Лагерь побежденных вместе со всеми орудиями сделался добычей швейцарцев. Но хотя, по словам герцога Максимилиана, бой длился лишь от двух до трех часов, все же победа обошлась швейцарцам дороже, чем какая-либо другая ранее ими одержанная. Потери их достигли, вероятно, 1 500 человек убитыми. В огне орудий и аркебуз и, наконец, в отчаянном сопротивлении сомкнутой колонны ландскнехтов выявились такие новые силы, с которыми швейцарцам еще не приходилось встречаться в их прежних боях.
СРАЖЕНИЕ ПРИ ЛА-МОТТЕ (КРЕАЦЦО) 7 октября 1513 г.
Альвиано, венецианский полководец, атакует значительно превосходящими силами испано-германо-папское войско к северу от Виченцы. Он разбит потому, что посланный им для охвата фланга отряд тяжелой кавалерии застрял в болоте, и потому, что его итальянская пехота не выдержала натиска грозной испанской пехоты (под начальством Пескары) и немецких ландскнехтов (под начальством Фрундсберга)126.

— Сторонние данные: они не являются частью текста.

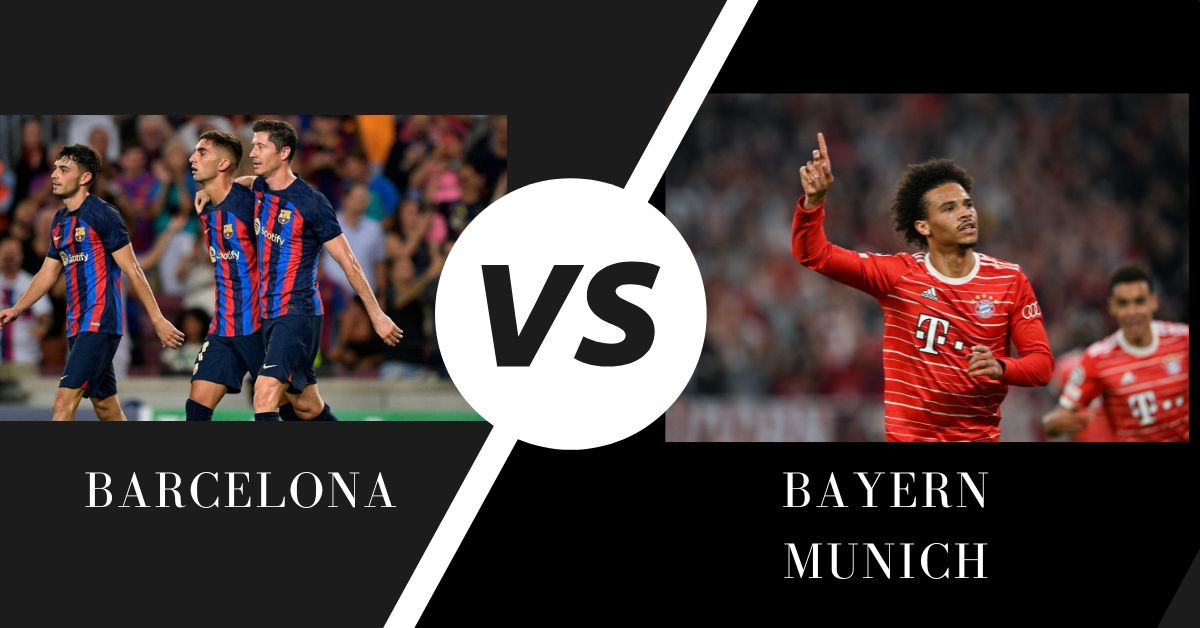 Barcelona vs. Bayern Munich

СРАЖЕНИЕ ПРИ МАРИНЬЯНО 13 и 14 сентября 1515 г.
Швейцарцы, в развитие своей победы при Новаре, осенью того же года вторглись во Францию. Они заключили тесный союз с императором Максимилианом, подкрепившим их вторжение конницей и артиллерией. Одновременно и англичане вступили во Францию с севера, и французы потеряли сражение при Гинегате, так что в пылу разыгравшейся фантазии уже намечали Париж как конечную цель и место встречи армий союзников.
Когда имперско-швейцарское войско, вторгшись в Бургундию, появилось под Дижоном и город был близок к гибели от огня орудий, французы не видели иного исхода, как подчиниться требованиям швейцарцев. Ля Тремуйль, командовавший в городе, чтобы спасти его от штурма, заключил с швейцарцами договор, согласно которому французский король отказывался от Милана и обязывался уплатить 400 000 крон в возмещение военных расходов.